In diesem Fall hat Gilead nach Angaben von Ärzte ohne Grenzen auf starken öffentlichen Druck hin letztlich auf das erschlichene US-Patent verzichtet, verfolgt die internationale Patentierung aber weiter.

In Zeiten wie diesen sticht solche Priorisierung des Gewinninteresses gegenüber dem öffentlichen Interesse besonders hervor. Doch in Anbetracht der Tatsache, dass sie in ganz erheblichem Maße für die zunehmende Ungleichheit auf der Welt und innerhalb der Nationen verantwortlich ist, ist das Thema massiv unterdiskutiert.
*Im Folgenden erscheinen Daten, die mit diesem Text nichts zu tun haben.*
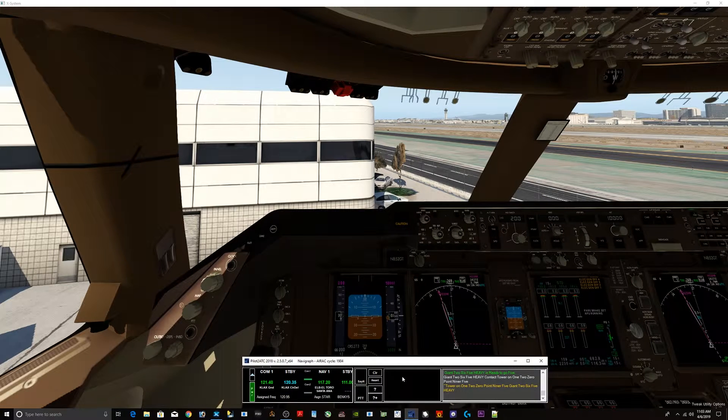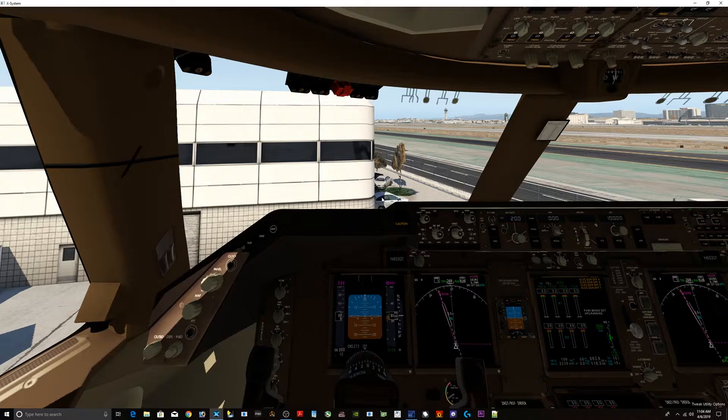Tower, Giant 265 Heavy is ready to push back. Giant 265 Heavy, winds are calm, cleared for takeoff, runway 25 left. Cleared for takeoff, runway 25 left, Giant 265 Heavy. Great news, Captain — your tow's coming.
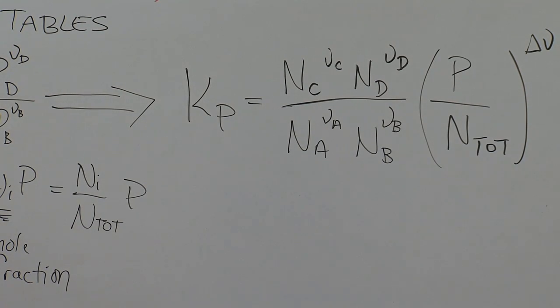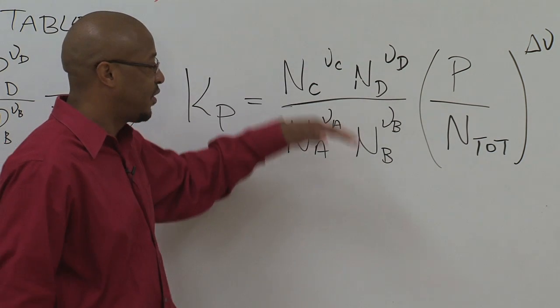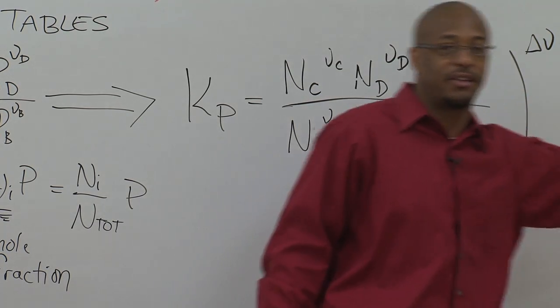The easy way to remember how everything goes is that it's always products over reactants. Associate Professor of Mechanical Engineering, Dr. Marcus Ashford, is a very busy professor.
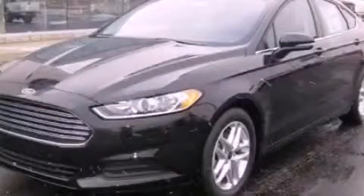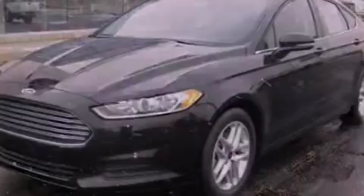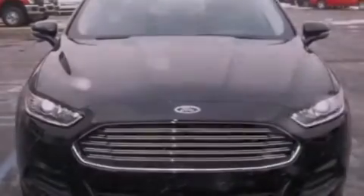This is a brand new 2013 Ford Fusion. It features a 2.5 liter 4-cylinder engine and an automatic transmission.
Marktmacht vs. technischer Fortschritt

Ökonomen bieten vor allem zwei scheinbar konkurrierende Erklärungen für die zunehmende Polarisierung der Gesellschaften in Arm und Reich an. Die erste heißt technischer Fortschritt. Dieser bewirke, dass weniger einfache Arbeitskraft gebraucht wird, dafür aber spezialisiertes Know-how. Entsprechend sinken die Löhne für Erstere und steigen die Vergütungen für Letzteres, so die Argumentation.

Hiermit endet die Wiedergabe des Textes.